Is there a topology such that $(\Bbb R, +, \mathcal T)$ is a compact Hausdorff topological group?

A good way to think about this is in terms of Pontryagin duality. Since we only care about the abelian group structure of $\mathbb{R}$, let's first get a nice characterization of this structure. As an abelian group, $\mathbb{R}$ is the unique $\mathbb{Q}$-vector space of its cardinality (up to isomorphism). An abelian group $A$ is a $\mathbb{Q}$-vector space iff for each nonzero $n\in \mathbb{Z}$, the multiplication by $n$ map $n:A\to A$ is an isomorphism.

Now the neat thing about this is that this condition is self-dual under Pontryagin duality. If $A$ is a locally compact abelian group, then the dual of the map $n:A\to A$ is just the map $n:\hat{A}\to\hat{A}$ on the dual group.

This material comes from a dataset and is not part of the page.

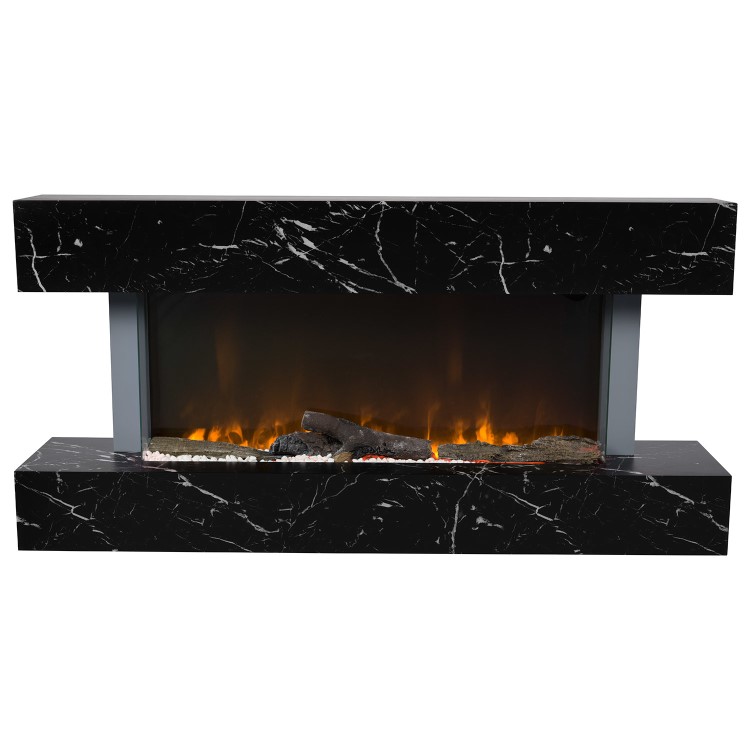 Black Marble Effect Wall Mounted Electric Fireplace 47 inch  - Amberglo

So this says that a locally compact abelian group is a $\mathbb{Q}$-vector space iff its dual is a $\mathbb{Q}$-vector space.

In particular, let us use this to classify the compact abelian groups which are isomorphic (as groups) to $\mathbb{R}$. These are just the Pontryagin duals $\hat{V}$ of all $\mathbb{Q}$-vector spaces $V$ (with the discrete topology) for which $\hat{V}$ has cardinality $2^{\aleph_0}$. It is not hard to show that $\hat{\mathbb{Q}}$ has cardinality $2^{\aleph_0}$. If $V$ is a $\kappa$-dimensional $\mathbb{Q}$-vector space then $\hat{V}$ is a product of $\kappa$ copies of $\hat{\mathbb{Q}}$, which has cardinality $2^{\aleph_0\cdot\kappa}$.

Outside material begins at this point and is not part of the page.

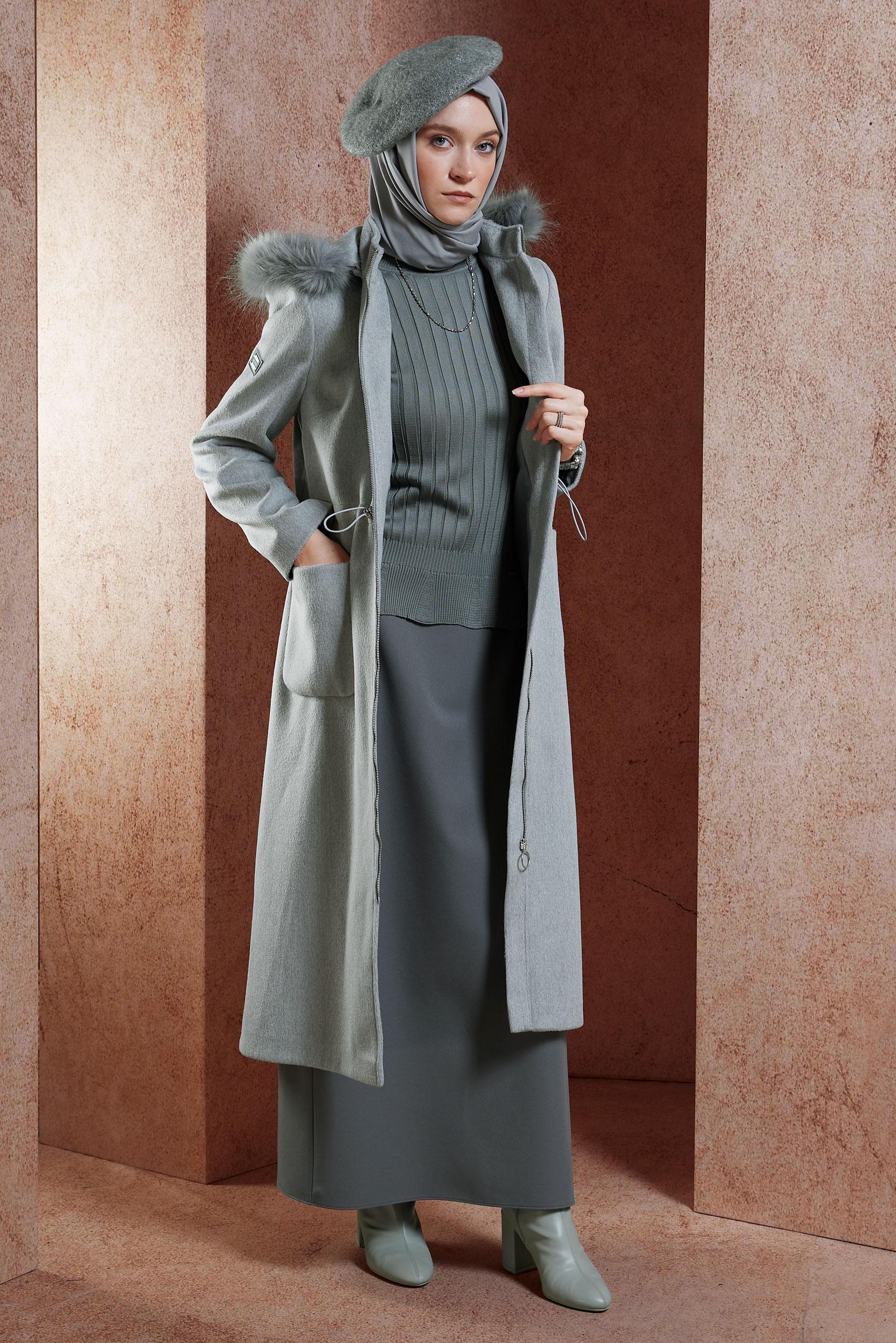 Tesettür giyim GRİ KAPÜŞONLU KABAN 90542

So to sum up, there are indeed compact group topologies on $\mathbb{R}$. Up to continuous isomorphism, there is one such topology for each cardinal $\kappa$ such that $2^{\aleph_0\cdot\kappa}=2^{\aleph_0}$ (in particular, this includes all $\kappa$ such that $0<\kappa\leq\aleph_0$). The Pontryagin dual of this compact group is a $\mathbb{Q}$-vector space of dimension $\kappa$.

The case $\kappa=1$ gives $\hat{\mathbb{Q}}$, which is a solenoid. Explicitly, $\hat{\mathbb{Q}}$ is the inverse limit of the sequence $\dots\to S^1\stackrel{4}{\to}S^1\stackrel{3}{\to}S^1\stackrel{2}{\to}S^1$, since $\mathbb{Q}$ is the direct limit of the sequence $\mathbb{Z}\stackrel{2}{\to}\mathbb{Z}\stackrel{3}\to\mathbb{Z}\stackrel{4}{\to}\mathbb{Z}\to\dots$. For general $\kappa$, you just have a product of $\kappa$ copies of $\hat{\mathbb{Q}}$.